Hello there, we are providing you with some of the interview questions and answers that are expected at the interview for the Latest Pharma RA Job. Prepare well and do best at the interview.
Question 1: Can you describe your experience in aligning local regulatory requirements with corporate standards and implementing regulatory strategies?
Answer: Certainly. Throughout my regulatory career, I have consistently worked to align local regulatory requirements with the established corporate standards of the organizations I’ve been a part of. I believe that this alignment is crucial for maintaining regulatory compliance and achieving successful product approvals. I’ve been actively involved in crafting and implementing regulatory strategies that take into account both the local regulatory landscape and the broader corporate goals. This approach ensures that our regulatory submissions are not only compliant but also strategically aligned with the company’s objectives.

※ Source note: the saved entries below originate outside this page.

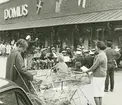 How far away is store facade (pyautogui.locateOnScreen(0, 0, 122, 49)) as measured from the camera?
20891 mm

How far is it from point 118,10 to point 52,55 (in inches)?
204

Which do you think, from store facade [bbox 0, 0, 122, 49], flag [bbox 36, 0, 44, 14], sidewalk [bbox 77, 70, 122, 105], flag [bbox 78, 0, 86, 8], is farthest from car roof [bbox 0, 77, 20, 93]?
flag [bbox 36, 0, 44, 14]

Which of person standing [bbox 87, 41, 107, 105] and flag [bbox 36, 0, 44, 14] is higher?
flag [bbox 36, 0, 44, 14]

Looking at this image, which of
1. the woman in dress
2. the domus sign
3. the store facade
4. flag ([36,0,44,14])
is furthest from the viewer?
the domus sign

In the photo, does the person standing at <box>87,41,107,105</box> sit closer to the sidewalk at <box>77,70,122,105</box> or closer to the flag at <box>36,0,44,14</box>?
the sidewalk at <box>77,70,122,105</box>

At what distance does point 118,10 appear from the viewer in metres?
20.6

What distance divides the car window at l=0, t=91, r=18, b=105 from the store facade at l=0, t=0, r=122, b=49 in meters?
15.4

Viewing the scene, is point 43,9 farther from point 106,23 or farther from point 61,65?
point 61,65

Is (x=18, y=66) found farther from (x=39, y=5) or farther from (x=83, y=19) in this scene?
(x=39, y=5)

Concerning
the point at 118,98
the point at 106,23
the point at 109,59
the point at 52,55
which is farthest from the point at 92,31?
the point at 118,98

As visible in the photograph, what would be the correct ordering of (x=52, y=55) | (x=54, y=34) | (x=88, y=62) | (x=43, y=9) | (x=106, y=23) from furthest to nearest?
(x=43, y=9) → (x=54, y=34) → (x=106, y=23) → (x=52, y=55) → (x=88, y=62)

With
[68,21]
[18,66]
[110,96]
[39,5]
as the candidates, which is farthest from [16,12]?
[18,66]

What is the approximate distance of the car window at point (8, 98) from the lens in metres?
3.21

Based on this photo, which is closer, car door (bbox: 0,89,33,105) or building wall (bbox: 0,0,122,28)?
car door (bbox: 0,89,33,105)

Question 2: How have you ensured compliance with local regulatory requirements while planning and leading local regulatory submissions?
Answer: Ensuring compliance during local regulatory submissions is paramount. I have a systematic approach to this, where I thoroughly research and understand the local regulatory guidelines and requirements for each submission. I meticulously cross-reference these with our corporate standards to create a submission plan that adheres to both sets of guidelines. Additionally, I maintain open communication channels with cross-functional teams to ensure that everyone is aware of the compliance expectations and that the submission plan aligns with the overarching strategy.

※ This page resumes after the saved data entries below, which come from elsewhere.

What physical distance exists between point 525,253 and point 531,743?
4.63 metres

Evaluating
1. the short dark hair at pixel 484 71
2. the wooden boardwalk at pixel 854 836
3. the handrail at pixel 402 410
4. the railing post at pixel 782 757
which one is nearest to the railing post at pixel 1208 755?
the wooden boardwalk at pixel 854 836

Question 3: Can you share an example of a situation where you had to handle challenges related to local labels and ensure compliance with local legislation and corporate standards?

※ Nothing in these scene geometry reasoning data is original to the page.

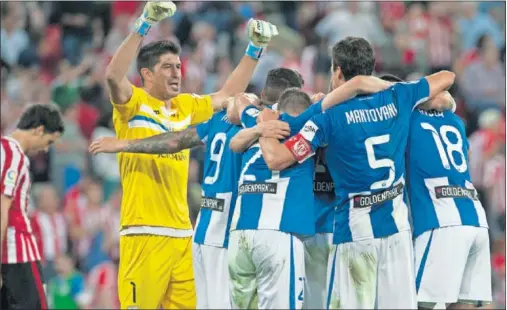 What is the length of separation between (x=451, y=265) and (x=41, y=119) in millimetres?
3995

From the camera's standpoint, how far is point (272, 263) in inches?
353

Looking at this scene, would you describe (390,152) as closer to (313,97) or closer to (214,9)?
(313,97)

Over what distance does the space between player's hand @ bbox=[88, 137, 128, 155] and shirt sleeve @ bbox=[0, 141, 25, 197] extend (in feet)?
2.63

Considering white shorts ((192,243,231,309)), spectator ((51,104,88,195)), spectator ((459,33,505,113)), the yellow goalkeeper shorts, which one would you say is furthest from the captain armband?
spectator ((459,33,505,113))

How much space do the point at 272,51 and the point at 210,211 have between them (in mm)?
10120

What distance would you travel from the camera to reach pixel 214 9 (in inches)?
803

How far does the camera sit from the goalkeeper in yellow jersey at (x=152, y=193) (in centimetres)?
1015

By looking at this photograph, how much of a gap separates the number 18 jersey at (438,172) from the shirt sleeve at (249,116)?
126 cm

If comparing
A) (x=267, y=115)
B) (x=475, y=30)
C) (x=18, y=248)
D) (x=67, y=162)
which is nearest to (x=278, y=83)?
(x=267, y=115)

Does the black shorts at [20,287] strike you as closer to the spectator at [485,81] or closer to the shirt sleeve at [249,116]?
the shirt sleeve at [249,116]

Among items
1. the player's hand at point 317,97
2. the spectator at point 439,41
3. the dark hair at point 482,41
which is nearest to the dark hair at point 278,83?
the player's hand at point 317,97

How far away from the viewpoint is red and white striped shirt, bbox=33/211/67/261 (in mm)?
15977

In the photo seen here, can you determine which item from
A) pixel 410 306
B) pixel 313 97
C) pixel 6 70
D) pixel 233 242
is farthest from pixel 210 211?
pixel 6 70

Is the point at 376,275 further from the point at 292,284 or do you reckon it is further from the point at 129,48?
the point at 129,48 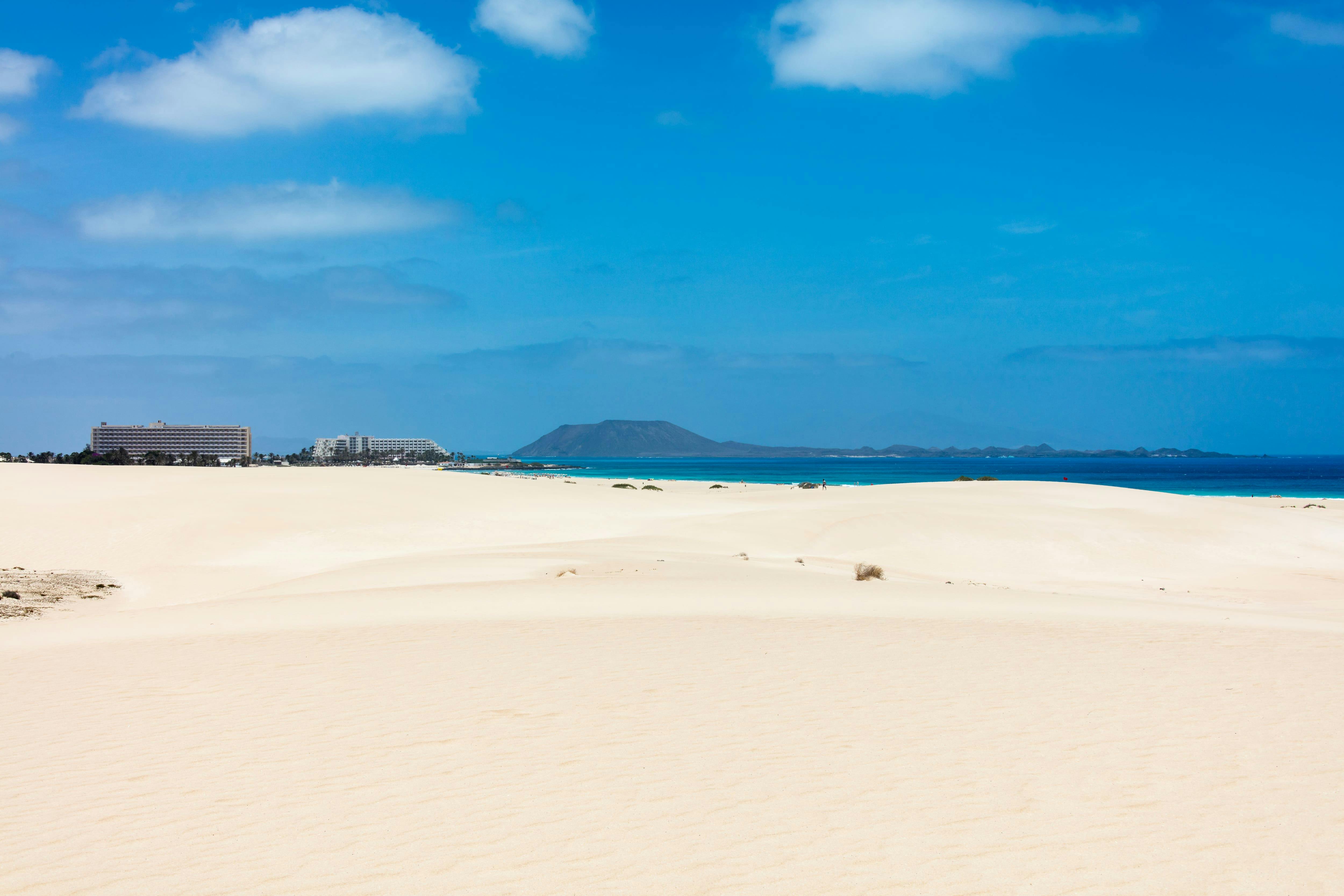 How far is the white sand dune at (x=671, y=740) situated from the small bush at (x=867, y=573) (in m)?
1.18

Answer: Certainly. In a previous role, I was responsible for a product’s local labels. I encountered a situation where a local regulatory change required modifications to the product label. To handle this, I closely collaborated with legal, regulatory, and labeling teams to ensure that the label changes not only complied with the local legislation but also aligned with our global corporate standards. This involved careful review, coordination, and approval processes to guarantee that the updated label maintained regulatory compliance while reflecting our company’s consistent messaging and branding.
Question 4: How do you stay updated with the evolving regulatory landscape in India, especially concerning new product registration, lifecycle management, and clinical trials?
Answer: Staying updated with regulatory changes is a priority for me. I continuously monitor regulatory authority updates, attend relevant industry conferences, and participate in workshops to enhance my understanding of the evolving Indian regulatory landscape. Specifically, I am well-versed in SUGAM portal handling, which is pivotal for successful interactions with regulatory agencies. This proactive approach enables me to adapt regulatory strategies to align with changes and efficiently manage product registrations, lifecycle activities, and clinical trials.
Question 5: Could you elaborate on your experience in serving as a point of contact with regulatory agencies?
Answer: Certainly. Serving as a point of contact with regulatory agencies requires clear communication and effective relationship management. Throughout my career, I’ve successfully fulfilled this role by fostering transparent and collaborative interactions with regulatory authorities. I’ve represented my organizations in regulatory discussions, meetings, and submissions. By maintaining open lines of communication and understanding the regulatory landscape, I’ve been able to address queries, provide necessary information, and ensure that our submissions align with agency expectations, ultimately facilitating smoother regulatory processes.